HEAL (Lu et al., 2024) enables heterogeneous agents in cooperative perception to align their feature spaces via learned alignment modules:

Agent 1 (PointPillars) → Features → Alignment Module → Shared Feature Space ─┐
Agent 2 (BEVFormer)    → Features → Alignment Module → Shared Feature Space ──┤→ Aggregation
Agent 3 (CenterPoint)  → Features → Alignment Module → Shared Feature Space ─┘

Relevance: In the fleet perception context (see 30-autonomy-stack/perception/overview/collaborative-fleet-perception.md), different vehicle types produce features in different spaces.

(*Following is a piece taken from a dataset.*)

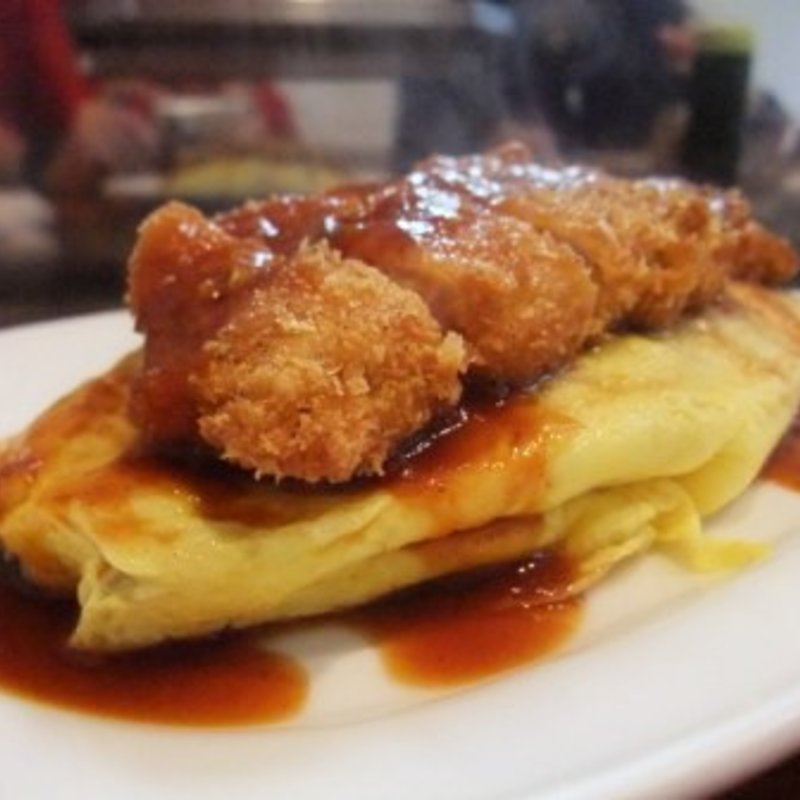 オムライストンカツの組み合わせが食欲を誘う「ボルガライス」(ヨコガワ分店 )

HEAL's approach -- lightweight learned projection layers that map heterogeneous features to a shared space -- applies directly to heterogeneous FL.

6.4 Split Learning

Split learning (Gupta and Raskar, 2018) splits the model between client and server:

Client side (on Orin):
  Input → [Layers 1-K] → Intermediate features (split layer activations)
                            ↓ Upload activations (not gradients)
Server side (cloud GPU):
  Activations → [Layers K+1 to N] → Loss → Backprop to split layer
                            ↓ Download gradients at split layer
Client side (on Orin):
  Gradient at split → Backprop [Layers K-1 to 1]

Advantages:

Client only trains early layers (less compute needed)
Server never sees raw data (only intermediate activations)
Different clients can have different early architectures (different sensors)

Disadvantages:

Requires synchronous communication per batch (high latency)
Intermediate activations may leak information (SplitFed attack papers)
Not practical for intermittent connectivity

Verdict for reference airside AV stack: Split learning is impractical for on-vehicle training (latency too high for each batch). Better suited for edge server + vehicle split within an airport (low latency LAN/5G).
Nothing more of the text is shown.